Kendi siparişiniz olmayan yemekten yemeyin. Yemeğinizi bitirir bitirmez sofradan kalkın. Artan yemekleri içi görünmeyen kaplarda saklayın. Yemeğinize konsantre olun ve keyfini çıkarın. Şişmanlatıcı yiyecekleri kesinlikle evde bulundurmayın. Tatlıya başlamadan önce biraz bekleyin ve hala gerçekten aç olup olmadığınıza karar verin. Her öğün bol miktarda su için. FİZİKSEL AKTİVİTENİZİ ARTIRIN Başlangıçta yalnızca hareketsizlikten kurtulmayı hedefleyin. Daha sonra yaşam şeklinizi, daha fazla fiziksel aktivite içerecek biçimde planlayabilirsiniz. Başarının anahtarı, her fırsatta aktivite de bulunmaktır. Küçük değişikliklerin önemsenmesi, üstüste koyulduğunda gerçekten büyük bir etki sağlar. Ayakta durarak veya yürüyerek daha fazla zaman geçirin. Ev veya bahçe işlerine daha çok zaman ayırın. Bir şey getirip götürmek için çocuklarınızı yollamayın.
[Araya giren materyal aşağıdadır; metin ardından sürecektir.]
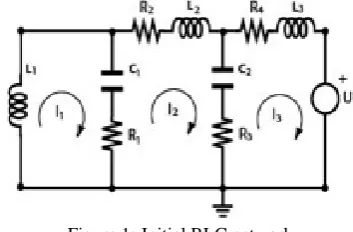 Figure 1: Initial RLC network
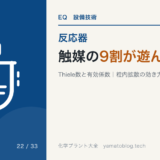 触媒の9割が遊んでいる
Telefonla konuşurken ayakta durun. Merdivenleri birkaç kalori daha yakma fırsatı olarak görün ve kullanın. Her gün yarım saat daha az TV izlemeye çalışın. Kısa mesafelerde araba kullanmayın. Formda Kalmak için bir Sonraki Adım
İşe kolay bir aktivite ile başlayın: Düzenli yürüyüş ( evin çevresinde bile olsa yeterli) Park veya şehir dışında hafta sonu yürüyüşleri Hafta sonları bisiklet gezileri Yüzme, top oyunları veya dans İzlemekten zevk aldığınız bir spora başlamak Formda Kalmak için Altın Öğütler Hareketsizlikten kaçınmanın yollarını arayın: TV izlerken ütü yapın. Kendinizi daha canlı hissetmeniz için ev işi yaparken hareketli müzikler dinleyin. Merdivenleri egzersiz için bir fırsat olarak görün. Arabanızı süpermarket otoparkının en uzak köşesine park edin. Çocuklarla oynarken daha aktif olun. Kısa mesafelerde arabanızı almayarak çevre korumasına katkıda bulunun. Arkadaşlarınızla yemek veya içmek dışında aktiviteler için de biraraya gelin. Sizi aktif kılacak yeni bir hobi edinin veya eskiden uğraşıp buraktığınız bir hobinize yeniden başlayun. Aktiviteyi bir görev olarak değil, kendinizi rahatlatmak için bir fırsat olarak görün. Daha aktif olmak, kilonuzu kontrol altında tutmanızı
kolaylaştıracak, ayrıca kalp hastalığı, inme, diyabet ve osteoporoz gibi ciddi sağlık sorunlarının gelişme riskini de azaltacaktır. Fiziksel aktiviteyle birlikte, diğer işler için kendinizi daha enerjik hissedecek, geceleri daha iyi uyuyacaksınız.